Open RaenonX opened 1 year ago
My first pass idea about something like this was in https://github.com/jeancroy/RP-fit/blob/main/rp_model/utils/files.py#L36
Basically use the fact they are all the same pattern but the hash part. Then use filesystem metadata to order them and keep top K.
If everything is copied to a worker for CI, I can see filesystem metadata being not the best.
An alternative design is a single file, always with the same name. But the stuff that is pickled is wrapped with metadata about when the result is valid. (Ie hash of the data ans maybe date of the last fit)
Date in the filename tells us which are the old result to delete, but not if the new is still valid. The whole idea behind download_sheet was that working with gsheet api and it's auth was a bit of a pain.
My first pass idea about something like this was in https://github.com/jeancroy/RP-fit/blob/main/rp_model/utils/files.py#L36
Basically use the fact they are all the same pattern but the hash part. Then use filesystem metadata to order them and keep top K.
If everything is copied to a worker for CI, I can see filesystem metadata being not the best.
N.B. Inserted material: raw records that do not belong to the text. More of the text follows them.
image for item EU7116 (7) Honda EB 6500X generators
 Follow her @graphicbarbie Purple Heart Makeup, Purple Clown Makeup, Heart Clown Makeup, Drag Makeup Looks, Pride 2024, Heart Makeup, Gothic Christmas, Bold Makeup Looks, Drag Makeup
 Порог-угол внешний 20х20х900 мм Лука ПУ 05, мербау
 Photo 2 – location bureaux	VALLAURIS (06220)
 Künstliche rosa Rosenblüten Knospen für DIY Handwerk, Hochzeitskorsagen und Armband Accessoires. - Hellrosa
An alternative design is a single file, always with the same name. But the stuff that is pickled is wrapped with metadata about when the result is valid. (Ie hash of the data ans maybe date of the last fit)
That's likely copied and I am not sure if the file metadata will get copied over. I would go against using file metadata as it tends to be more error-prone.
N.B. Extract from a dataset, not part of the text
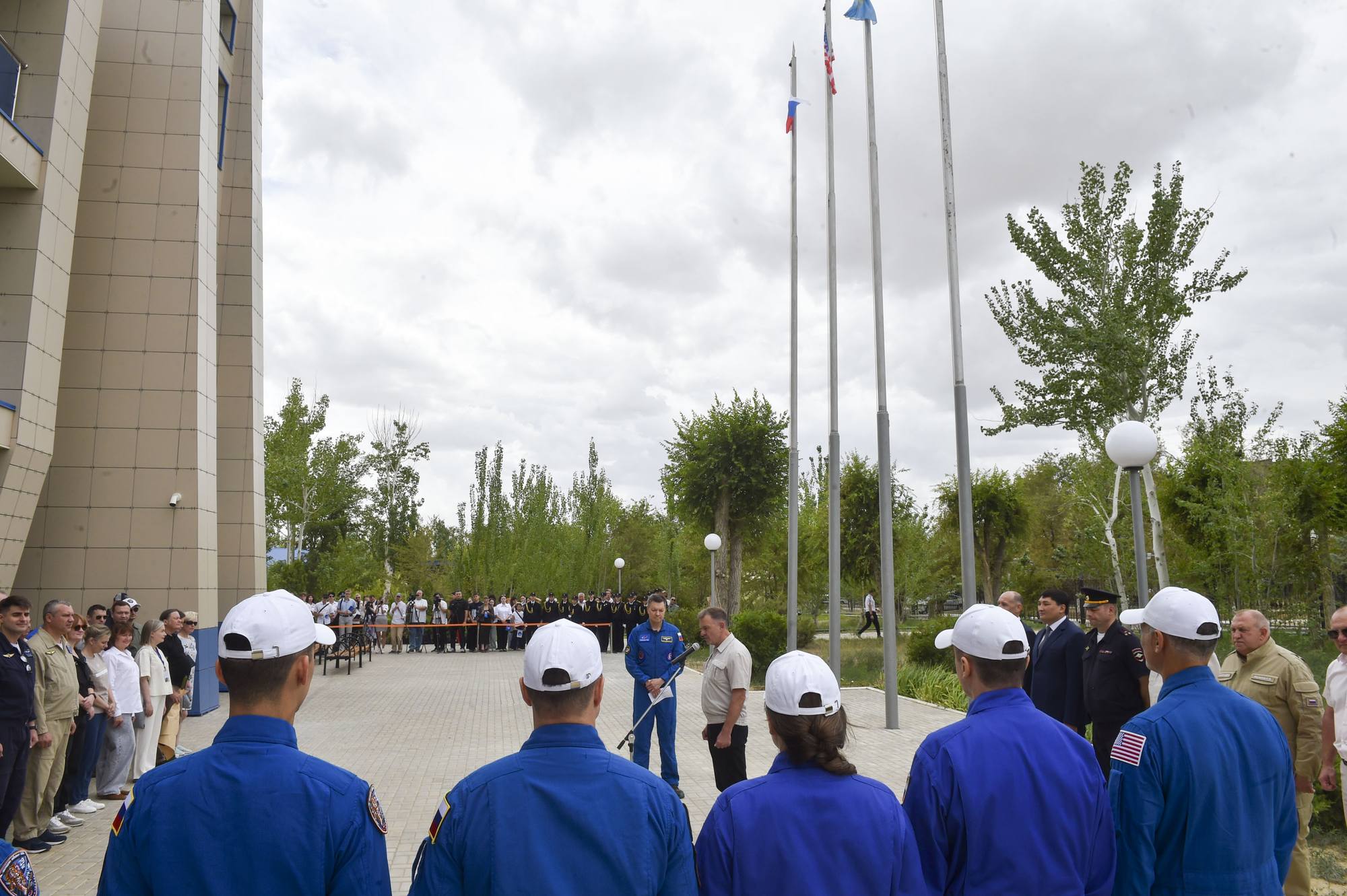 La cérémonie de lever des drapeaux.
If single with same name but applied a wrapper, that should do the work (and I actually thought about that).
Date in the filename tells us which are the old result to delete, but not if the new is still valid. The whole idea behind download_sheet was that working with gsheet api and it's auth was a bit of a pain.
Could you elaborate on the auth thing? At least from what I can see it only uses a certain URL to export data as csv, not seeing the auth part. Also not really getting the but not if the new is still valid. part, do you have an example?
I think I miss words in that sentence, sorry about that.
Basically last time I looked at google sheet api, it needed a per document setup of dev key. And I didn't had access to the sheet. So I just used dev console (F12) and check the network data when you download sheet as csv.
The goal of the hash is to invalidate the previous fit if the source data changed. But sometime the source data will not change. And I wanted to not redo the fit. And it was hard to detect changes in the source data without hash.
For example I don't really see a last modified date here https://developers.google.com/sheets/api/reference/rest/v4/spreadsheets/sheets#SheetProperties
If single with same name but applied a wrapper, that should do the work (and I actually thought about that).
Yeah I should probably go with some kind of ConditionallyValidData
or HashValidatedData
abstraction with their own save and load. Then there's no difference between pickle don't exist and pickle exist with invalid data.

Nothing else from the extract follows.